派遣先企業は派遣社員に対して、ほとんどの人事権を行使できない点が、直接雇用契約と異なる点です。

1-2.派遣契約更新のルール

派遣契約の更新は、労働契約法や労働基準法に従って行う必要があります。下記では、派遣契約に関する代表的なルールである「無期転換ルール」と「3年ルール」を解説します。

無期転換ルール

派遣社員の派遣期間が通算5年を超えた場合、通常期限の定めがある派遣契約を無期労働契約に転換できるルールです。たとえば、1年更新の派遣社員であれば、5回目の更新で契約を切り替える権利を得られます。

ルールの適用には、派遣社員側から派遣会社に申請する必要があります。申請があった場合、派遣会社は申請を拒否できません。

3年ルール

同一の派遣社員が、3年以上同じ組織で働けないというルールです。ここで言う組織とは企業ではなく、部署や課といった部署のことです。同じ企業の異なる部署に派遣された場合、3年ルールの年数のカウントはリセットされます。

同じ組織で3年以上雇用するには、所定の手続きが必要です。また、無期労働契約の場合や一定の条件を満たしている場合、3年ルールによる制限を受けません。

これらのルールは、派遣社員を派遣切りなどから守り、キャリア形成を助けるためにあります。トラブルや法令違反を避けるためにも、ルールに対する理解を深めておきましょう。

出典:厚生労働省「派遣で働く皆様へ」

出典:厚生労働省「無期転換ルールについて」

1-3.派遣契約を更新しないときに認められる理由

派遣契約の更新時には、派遣先企業側から契約を更新しないと判断しても構いません。派遣先企業から契約終了を申し出ることを「雇止め」と呼びます。ただし、派遣先企業が契約終了を申し出るには、契約期間の満了とは別に一定の理由が必要です。

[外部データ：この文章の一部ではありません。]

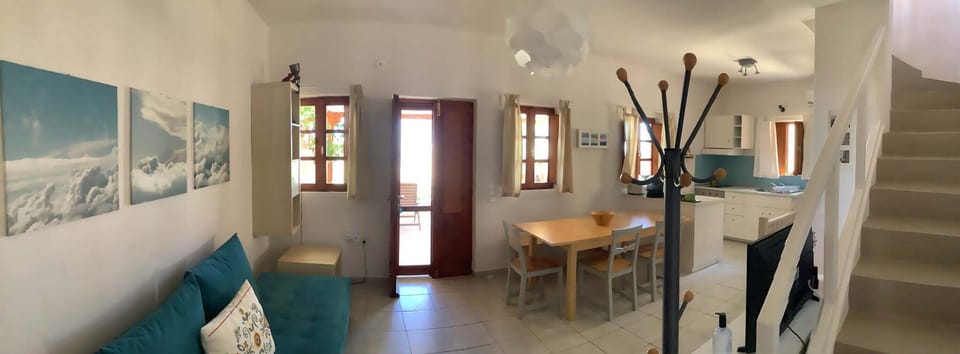 PANORAMIC VIEW OF THE LIVING ROOM AND THE STAIRCASE THAT LEADS UP TO THE BEDROOM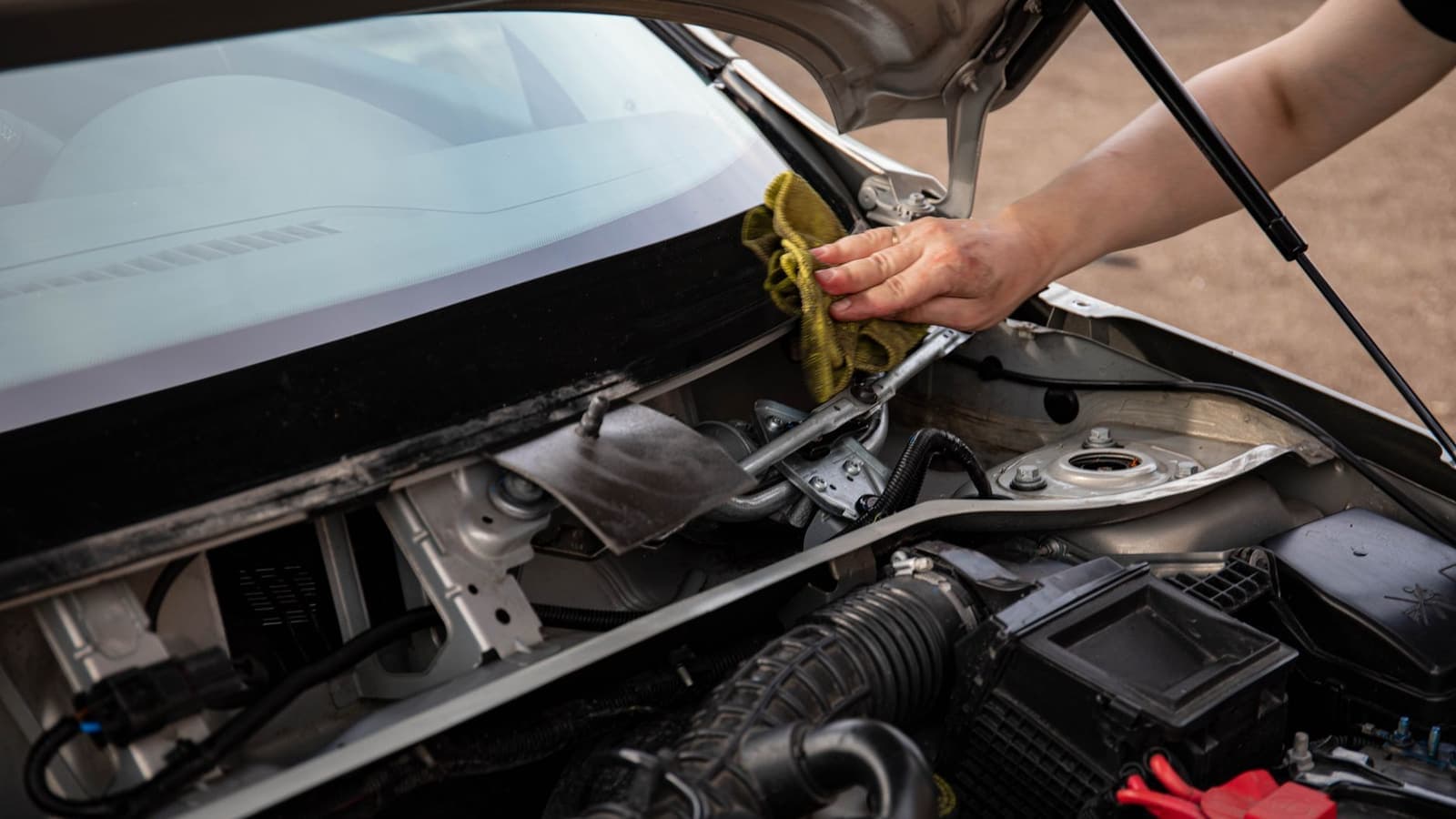 A person wiping a car windshield with a cloth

下記に、派遣契約を更新しない理由として認められる例をまとめました。

  • 担当業務の終了・中止
  • 経営不振
  • 事業縮小
  • 業務遂行能力が不十分
  • 職務命令違反
  • 勤怠の不良(無断欠勤・無断遅刻など)

派遣先企業が契約を更新しない理由には、派遣先の都合と派遣社員の能力・態度などの問題が考えられます。個人のスキル不足や態度に原因があっても、合理的な理由でないと判断される場合、更新しないのは違法とされ、契約を終了できません。

出典:厚生労働省「有期労働契約の締結、更新及び雇止めに関する基準」

2.派遣契約を更新しないときの伝え方

派遣契約を更新しない方針で動く場合、相手への伝え方も大切です。伝え方によっては、トラブルに発展する恐れがあります。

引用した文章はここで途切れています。